The threats were sent out to about 12 journalists, including Srinagar-based writer Gauhar Geelani who has been targeted by the Indian administration many times before. The police have blamed Lashkar-e-Taiba for the incident who is one of the largest militant groups in the area. Curiously, the raids also targeted lawyers who have represented defendants in anti-militancy cases. In Kashmir, journalists have long suffered under the government’s systematic crackdown on freedom of speech-arbitrary detentions and arrests have become far too common, and intimidation and harassment run unchecked; forming a sinister pattern that seeks to destroy all traces of dissidence in the area.
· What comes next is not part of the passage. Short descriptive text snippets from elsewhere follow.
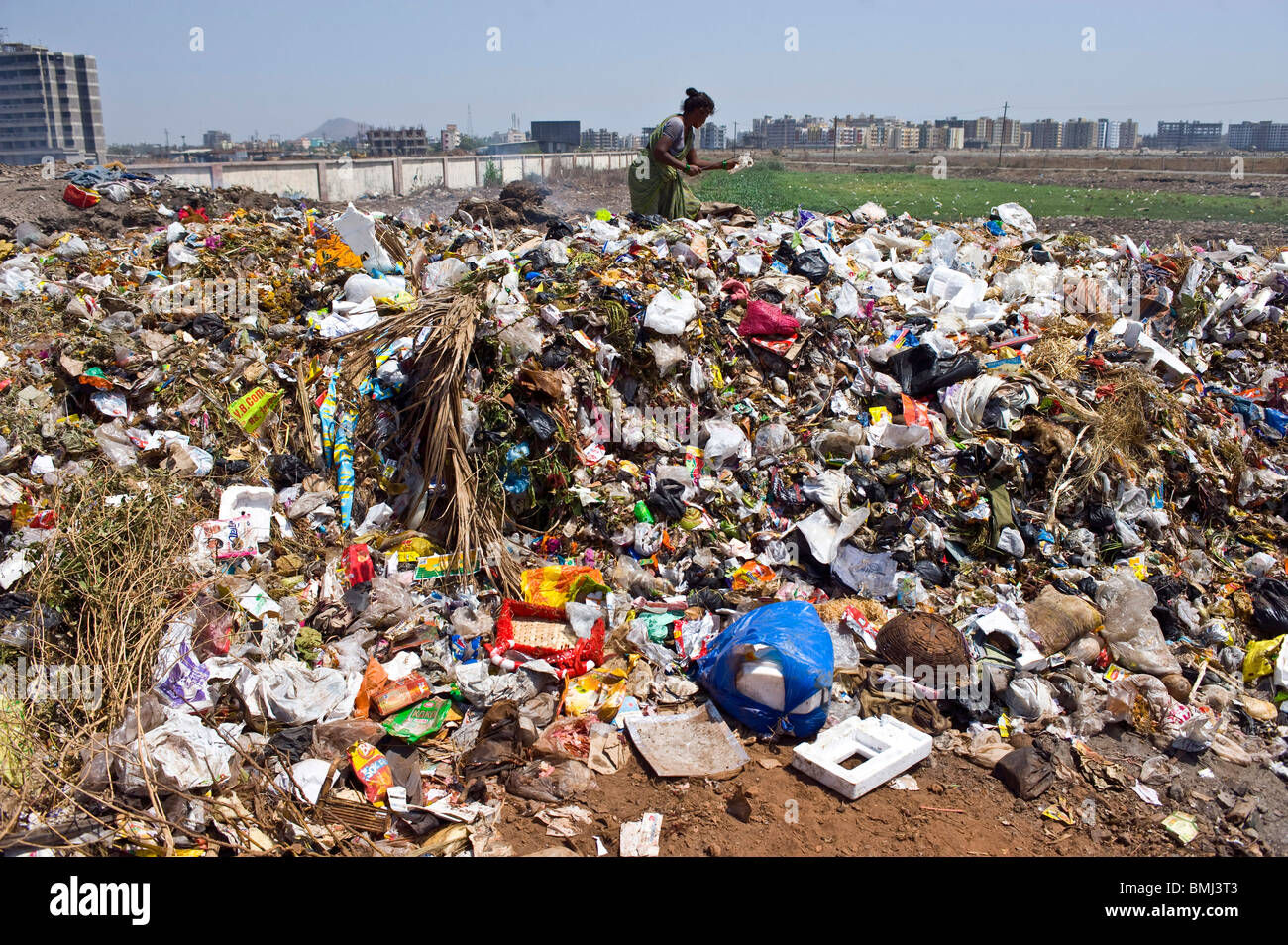 Une femme de recyclage ordures collecteur ou ragpicker sélectionne les ordures d'un dump de vendre sur Virar Mumbai India. Banque D'Images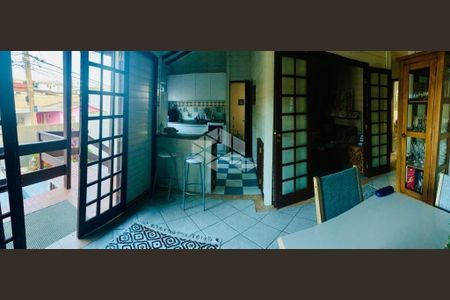 8_photo/952737d073.18d35e9b3b089d06-ATLAS-4657a5dd-b963-41a2-9bc9-738f8c361d90.jpg de casa à venda com 4 quartos, 135m² em Capoeiras, Florianópolis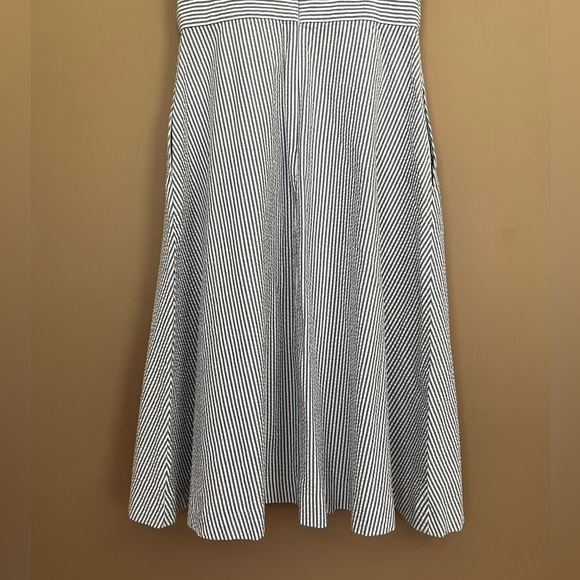 {Talbots} Sleeveless Seersucker Fit & Flare Midi Dress in Blue & White - Size 4 - Picture 6 of 8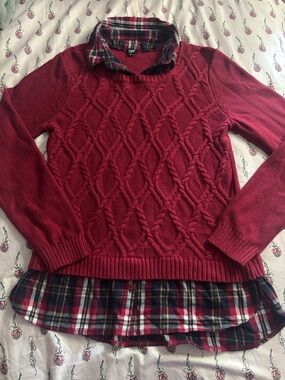 Lee Red Cable Knit Sweater with Plaid Layered Hem and Collar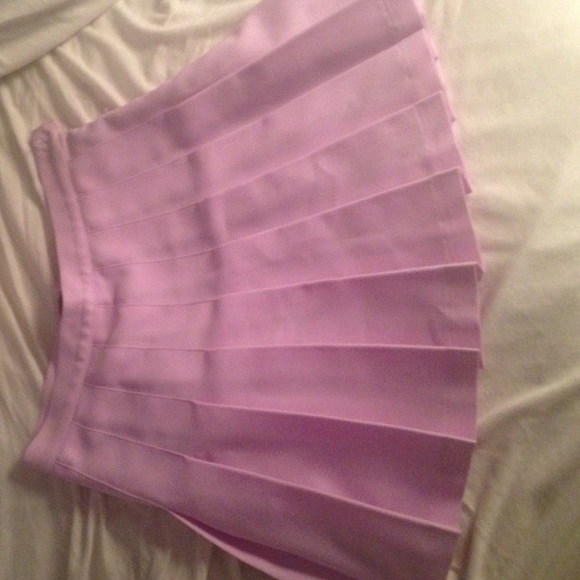 lilac aa tennis skirt - Picture 2 of 4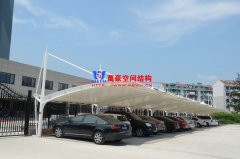 私家車膜結構停車棚造價多少？轎車膜結構車棚一平方價格最新報價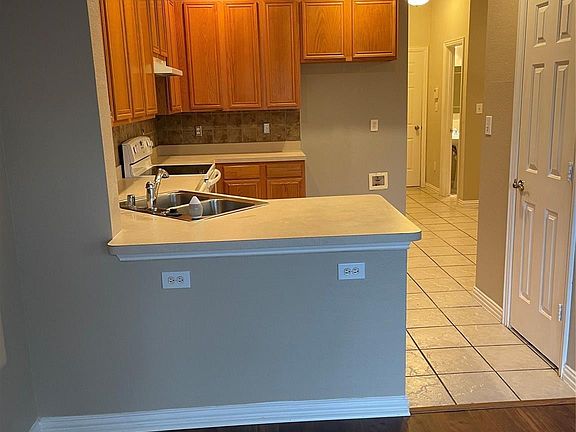 3rd image of 921 Englewood Ln
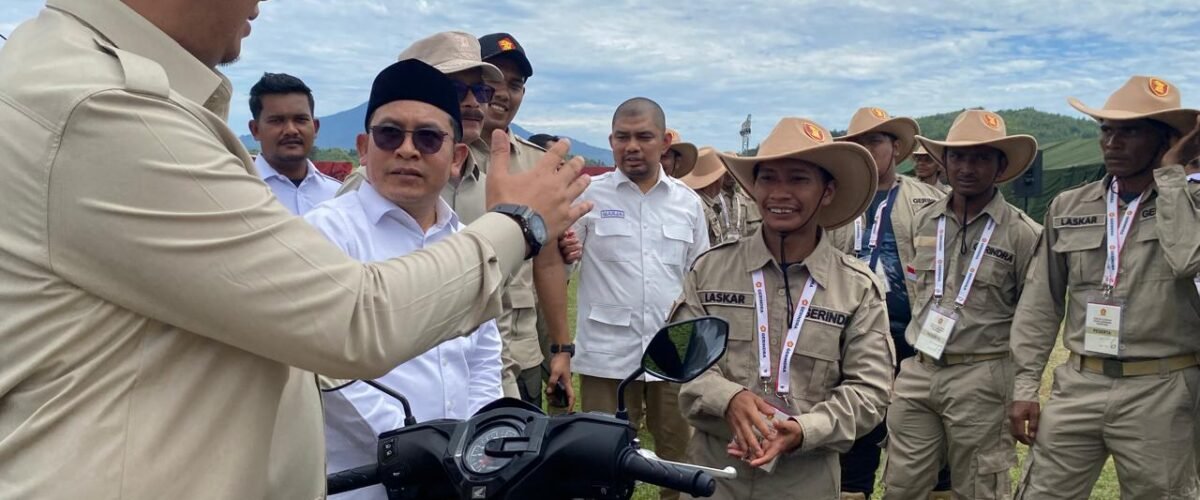 Tangis Ibunda Pecah Saat Warga Aceh Tengah ini Pulang Bawa Motor Hadiah dari Gerindra Aceh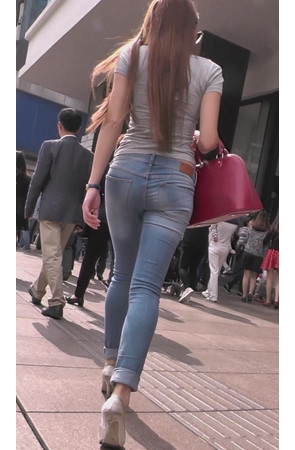 紧身牛仔长发墨镜美女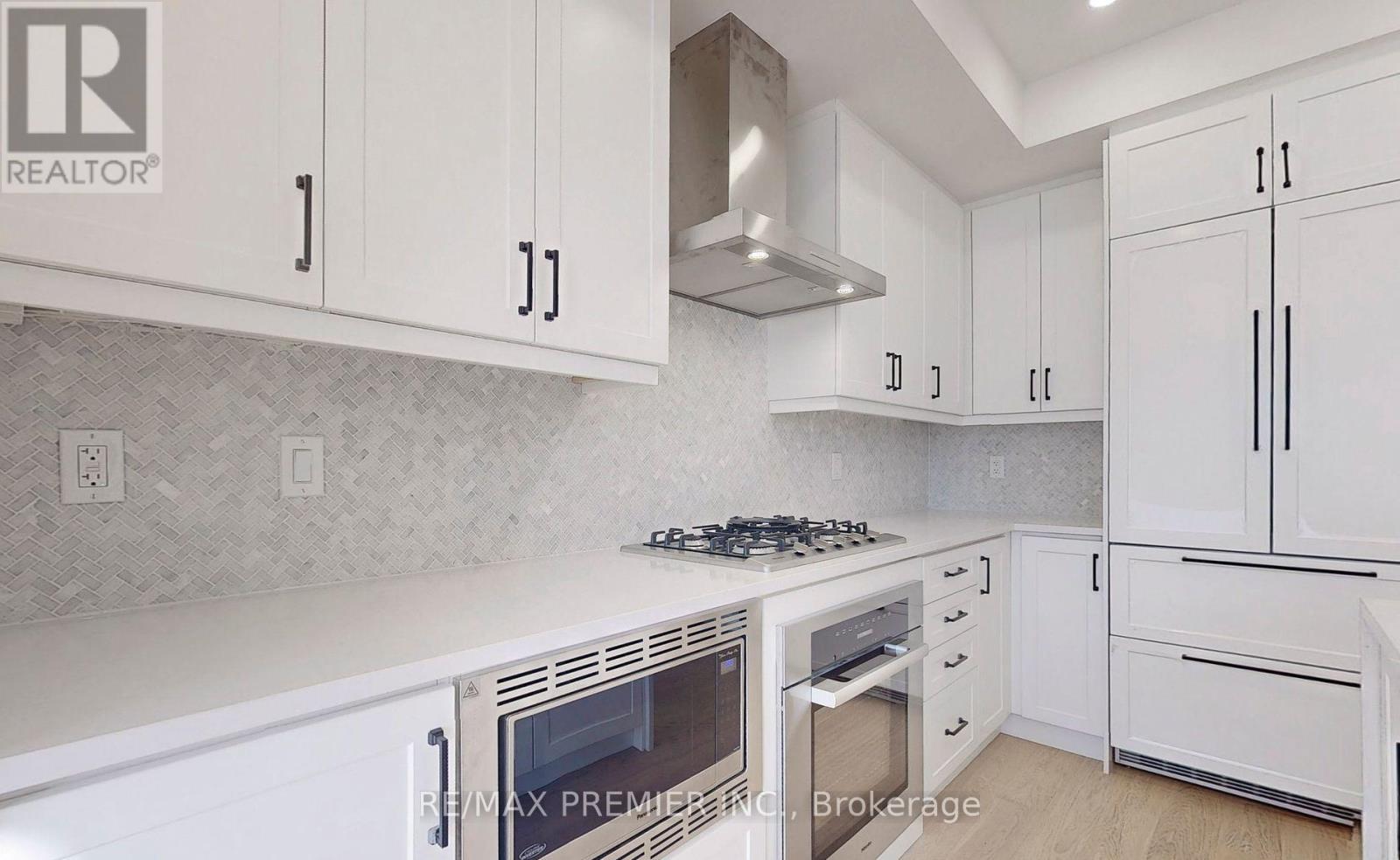 208 Mcroberts Avenue, Toronto, Ontario  M6E 4P5 - Photo 12 - W13044976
The government also has a history of blocking internet services to prevent media coverage of the conflict. After Kashmir’s autonomous status was repealed by the Modi government in 2019, incidences of repression have steadily increased. In 2020, a new policy allowed government officials to censor content that was deemed “unethical or anti-national”. In 2021, government employees were asked to hand over their social media accounts to the local administration so they could be surveilled more thoroughly. Earlier this year, censorship reached new heights when a group of pro-government journalists and police officers took over the Kashmir Press Club, an independent anti-government media body that has long sought to restore free speech in the area. A large number of police and paramilitary personnel were also deployed. At every turn, journalists are prevented from doing their jobs and now the state appears to be sponsoring military operations to restrict their autonomy. Even the law isn’t on their side anymore-Kashmir’s Public Safety Act allows authorities to detain people who are accused of threatening “national security”.
As of April, this year, it is now illegal for Kashmiri journalists to state that the area is under military occupation. The government continues to grow more emboldened in its efforts to curtail free speech; they are intent on eroding every remaining link Kashmiris have to the outside world and might as well criminalize journalism as a whole.